Was including Neil DeGrasse Tyson instead of the  author who said the quote part of the ruse?
Santa knows when you've been bad or good, so....


----------



## SemperFiDawg (Oct 26, 2017)

WaltL1 said:


> Just do us all a favor and go away SFD.
> The only time we ever see your kind of nonsense in here is when you show up.
> We don't need it or miss it.
> *For some reason you cant just post up satire such as that, which we all get the point of, without throwing in your ridiculousness. *
> ...



Yet it's no irony that you don't feel compelled to speak up when an AA post some silly caricature of Christianity or posts an article that paints Christians in a bad light and adds a opinion.   Apparently it's only nonsense and ridiculousness. when the shoe is on your foot, not someone's with an opposing view.

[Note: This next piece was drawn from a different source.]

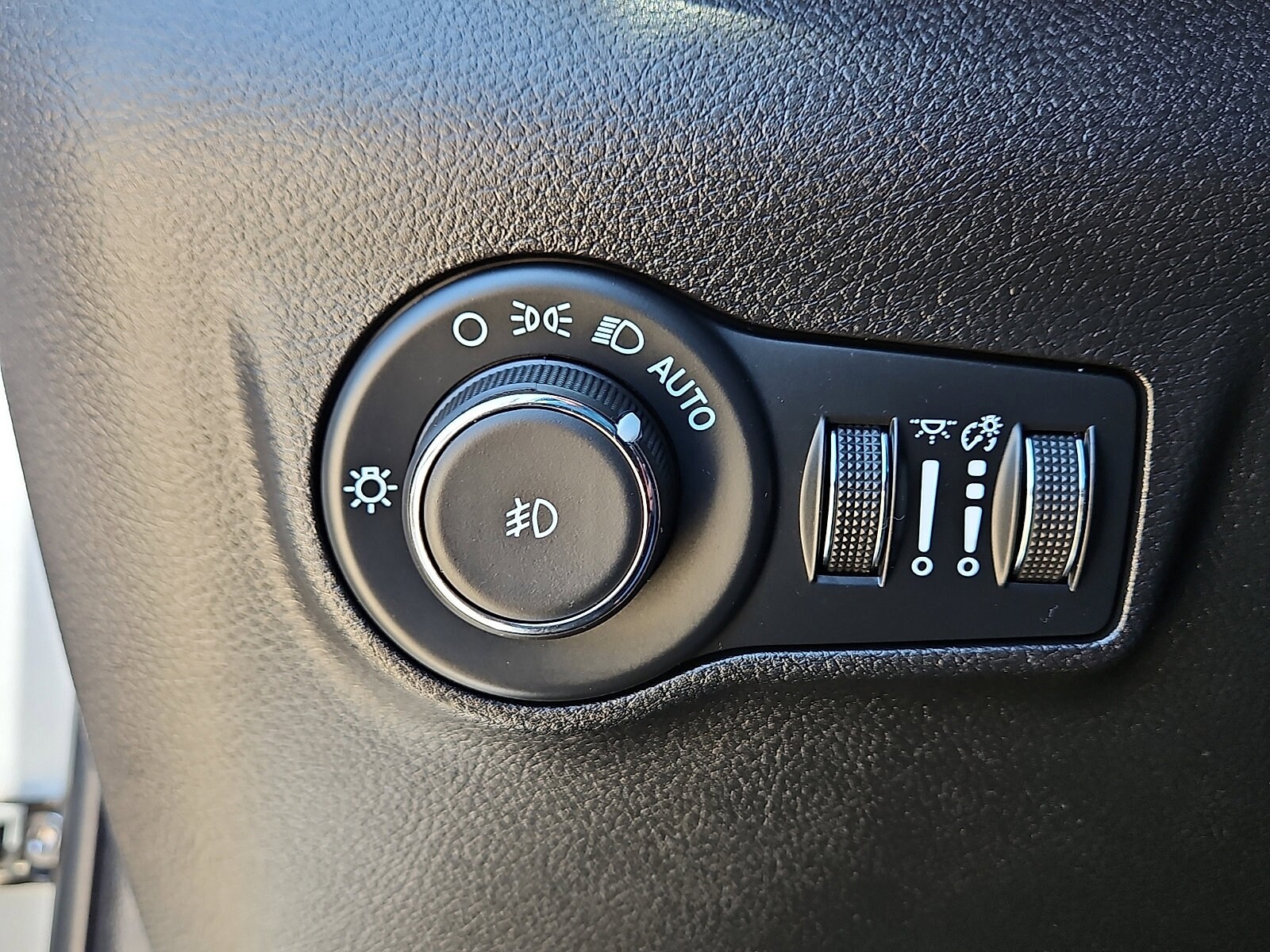 2025 Jeep Compass Trailhawk - Photo 20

If you find it soooo offensive, you can just do what I do in most of the silly AA posts........just ignore them.  Given you guys fiendish obsession with disproving a concept that you hold DOESNT exist, I can't believe how unimaginable hard it is to ignore something that actually does exist such as a statement on an internet forum.  Be that as it may, TRY.


----------



## SemperFiDawg (Oct 26, 2017)

bullethead said:


> Was including Neil DeGrasse Tyson instead of the  author who said the quote part of the ruse?



sat·ire
ËˆsaËŒtÄ«(É™)r/
noun
noun: satire
*the use of humor, irony, exaggeration, or ridicule to expose and criticize *people's stupidity or vices, particularly in the context of contemporary politics and other topical issues.

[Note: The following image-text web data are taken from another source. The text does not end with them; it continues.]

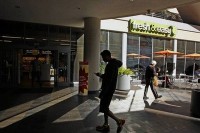 Tesco's Fresh & Easy takes rival Yucaipa's offer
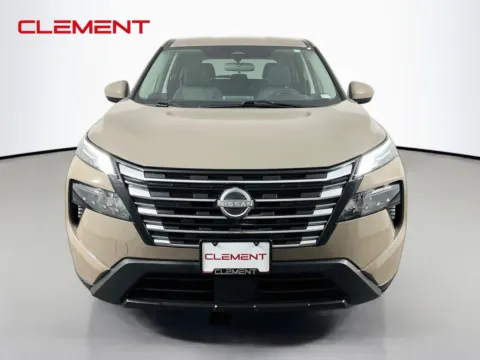 Another view of 2025 Nissan Rogue SV for sale in Florissant, MO at Clement Pre-Owned Florissant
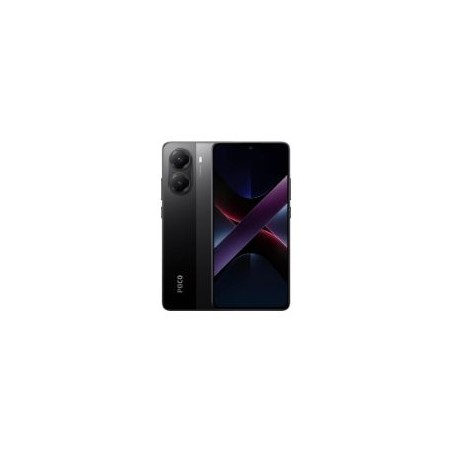 Smartphone XIAOMI Poco X7 Pro 6.67" 12Gb 512Gb 5G Negro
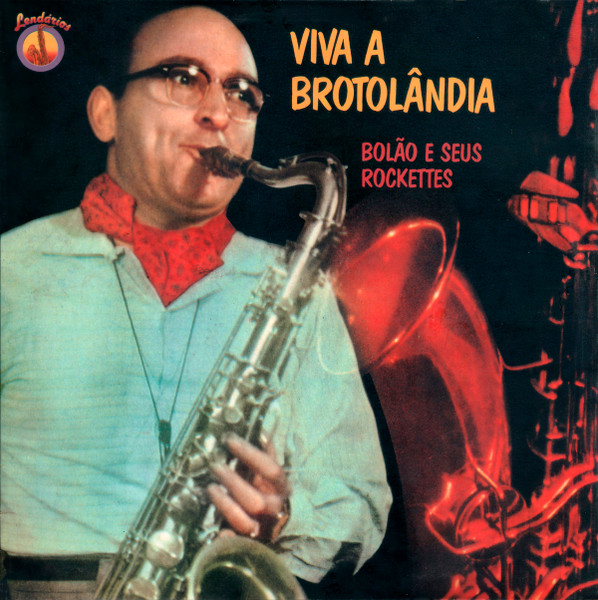 Viva A Brotolândia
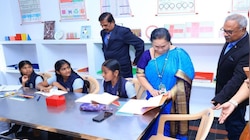 CBSE 10 ಮತ್ತು 12ನೇ ತರಗತಿ ಸಿಲೆಬಸ್ ಗೆ ಕತ್ತರಿ ವಿಚಾರದ ಬಗ್ಗೆ ಬೋರ್ಡ್ ಹೇಳಿದ್ದೇನು?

Tell me which part you are failing to understand.


----------



## WaltL1 (Oct 26, 2017)

SemperFiDawg said:


> Yet it's no irony that you don't feel compelled to speak up when an AA post some silly caricature of Christianity or posts an article that paints Christians in a bad light and adds a opinion.   Apparently it's only nonsense and ridiculousness. when the shoe is on your foot, not someone's with an opposing view.
> 
> If you find it soooo offensive, you can just do what I do in most of the silly AA posts........just ignore them.  Given you guys fiendish obsession with disproving a concept that you hold DOESNT exist, I can't believe how unimaginable hard it is to ignore something that actually does exist such as a statement on and internet forum.  Be that as it may, TRY.





> fiendish obsession with disproving a concept that you hold DOESNT exist


Did a bully A/A beat you up on the playground or something? Steal your lunch money? Make you eat gum from under your desk?
It had to be something.....


----------



## bullethead (Oct 27, 2017)

SemperFiDawg said:


> sat·ire
> ËˆsaËŒtÄ«(É™)r/
> noun
> noun: satire
> ...



The part where you keep trying to pretend it was intentional.


----------



## SemperFiDawg (Oct 27, 2017)

bullethead said:


> The part where you keep trying to pretend it was intentional.



Presented without comment.


----------



## bullethead (Oct 27, 2017)

SemperFiDawg said:


> Presented without comment.



Sing song dog, sing.


----------



## Miguel Cervantes (Oct 27, 2017)

WaltL1 said:


> Just do us all a favor and go away SFD.
> The only time we ever see your kind of nonsense in here is when you show up.
> We don't need it or miss it.
> For some reason you cant just post up satire such as that, which we all get the point of, without throwing in your ridiculousness.
> ...


Interesting observation. I find very little difference between Ultra Right Wing Christian Conservatives and Rabid Atheists. At the end of the day both do irreparable damage to their cause and drive any prospects back into neutral territory.  When it comes to politics, the URWCC's are actually worse.


----------



## WaltL1 (Oct 28, 2017)

Miguel Cervantes said:


> Interesting observation. I find very little difference between Ultra Right Wing Christian Conservatives and Rabid Atheists. At the end of the day both do irreparable damage to their cause and drive any prospects back into neutral territory.  When it comes to politics, the URWCC's are actually worse.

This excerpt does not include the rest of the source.